One reason the trumpeting (most of it, sadly, from
Republican elephants) resonates with me is that over the last 45 years I’ve
seen how the government-focused preservation programs and policies created –
with the best of intentions – in the 1960s and 70s have evolved. Or failed to evolve.
The solutions advanced by Congress in the 1960s and 70s to
problems in historic preservation involved the creation of bureaucracies – the external
programs of the National Park Service (NPS), the Advisory Council on Historic
Preservation (ACHP), the State Historic Preservation Officers (SHPOs), all via
the National Historic Preservation Act of 1966, as amended (NHPA). This was perfectly understandable, but it
failed to account for a fundamental principle:
bureaucracies tend to become fossilized, inward-looking, resistant to
innovation, and self-protective. Their
own survival, and the survival-to-retirement of their employees, come to
dominate their thinking and actions, at the expense of whatever they were created
to do.
This principle is not my independent invention; it reflects
(poorly, no doubt) elements of the deep thinking on bureaucracy of scholars
like Ludwig von Mises (http://mises.org/) and zingers
like those of John Moore (http://www.tinyvital.com/Misc/Lawsburo.htm
). The principle is no less
true for being common knowledge, and its operation is evident to anyone taking more than the most casual
glance at today’s U.S. federal historic preservation “program.” No one who knows that “program” expects
leadership, or even much thought, from NPS, the ACHP, or the SHPOs; the sole
preoccupation of these entities today is with maintaining the status quo that
allows them and their personnel to survive.

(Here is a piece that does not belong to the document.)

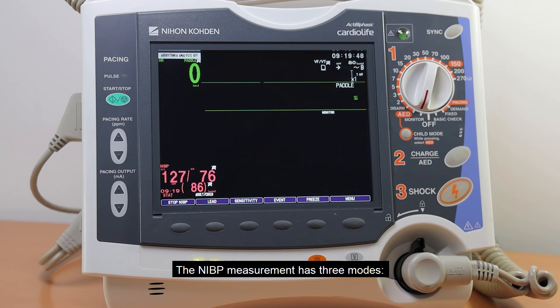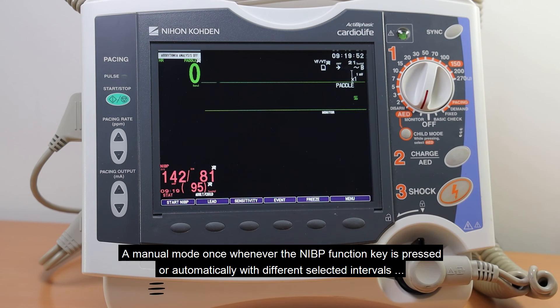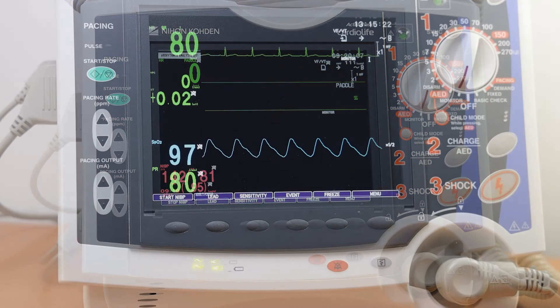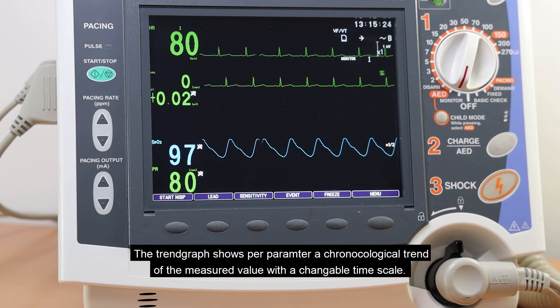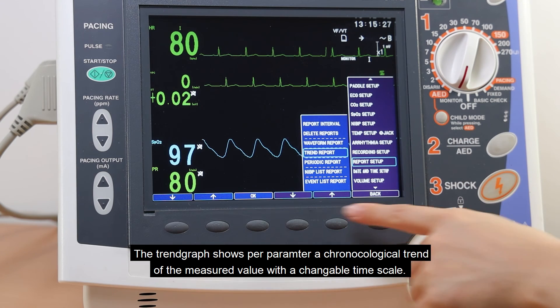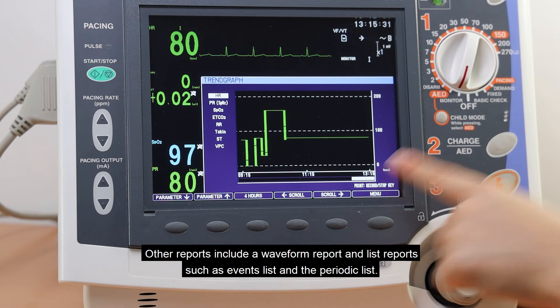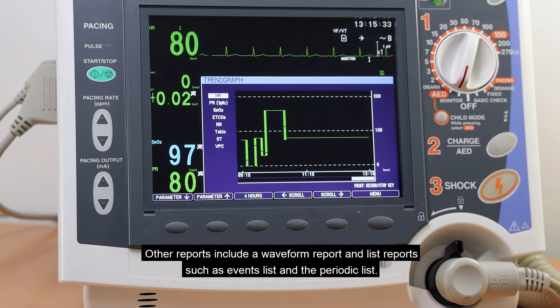The NIBP measurement has three modes: a manual mode triggered whenever the NIBP function key is pressed, an automatic mode with different selectable intervals, and a STAT mode for monitoring NIBP — for instance during general anesthesia — with a selectable STAT program. The trend graph shows a chronological trend of measured values per parameter with a changeable timescale. Other reports include a waveform report and list reports such as the event list and the periodic list.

But there are reasons for the creation of bureaucracies;
they provide services and regulate things that need regulating. The federal historic preservation bureaucracy
fulfills the following functions:
1. Service functions:
a.
Maintaining and expanding the National Register
of Historic Places (NRHP);
b.
Providing a historic preservation point of contact
(the SHPO) in each state capitol;
c.
Recording historic properties via the Historic
American Buildings Survey (HABS) and its kin;
d.
Passing on minor grant funds and technical
assistance/direction to Indian tribes and local governments; and
e.
Promulgating regulations, guidelines, standards,
and the like.
2. Regulatory functions:
a.
Assisting in/overseeing NHPA Section 106 review
by ostensibly self-regulating federal agencies; and
b.
Reviewing private historic building/structure
rehabilitation projects in terms of eligibility for tax credits.

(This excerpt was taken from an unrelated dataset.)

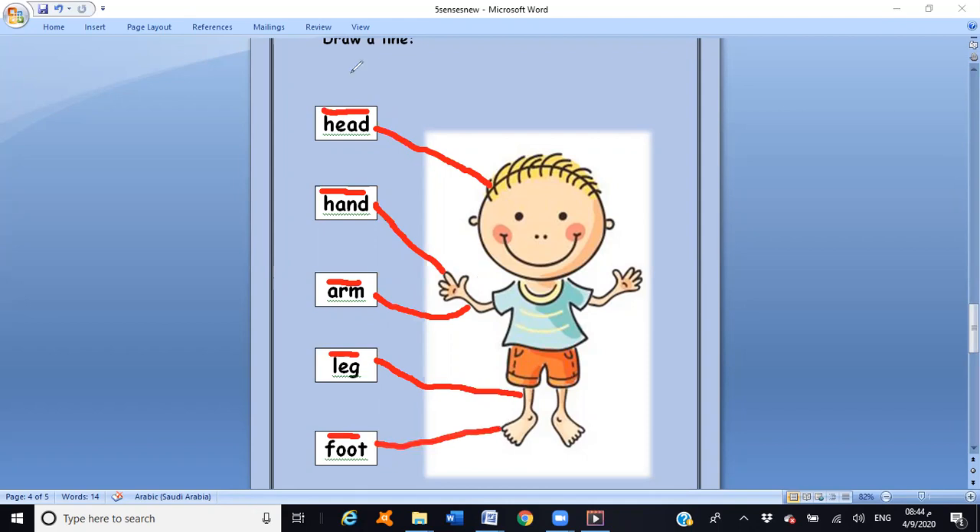And the last one — foot. Draw a line. Good job! Now let's read it one more time: my body — head, hand, arm, leg, and foot. Excellent! Thank you for listening, see you next time. Goodbye!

There are a few other functions, but those are the main ones
– all of which, of course, have various more or less complicated sub-elements.
So let’s consider: are there ways to perform these functions
without the bureaucracies, or while sharply reducing them in size? I think there are.
The National Register: IF there is value in maintaining a national
register of historic places – I’m not at all sure there is, but let’s suppose
there is – there’s no reason to have a government agency do it. The function could easily and efficiently be
contracted out, to something like the National Trust for Historic
Preservation. This might just shift the
bureaucracy from one place to another, but in contracting out, the federal
government could put strict limits on what it would pay for, leaving it to the
contractor to seek funding elsewhere if it wanted to expand or elaborate the
list. Alternatively, as I’ve argued
elsewhere, the Register could be done away with altogether, letting tribal,
state, and local lists take its place.
Points of contact: The SHPOs – some of them, at least – perform useful
functions, some of which are more impeded than facilitated by their overseer,
the National Park Service. A modest
program of continued support is probably justified for the SHPOs and their
equivalents in tribal and local governments, but the rules under which that
program operates could, I think, be significantly reformed, and the whole
operation could probably be merged with other programs of federal assistance.
Recording
properties: HABS and its brethren
are academic quasi-research projects that were useful at their inception in the
1930s but have long ago become irrelevant.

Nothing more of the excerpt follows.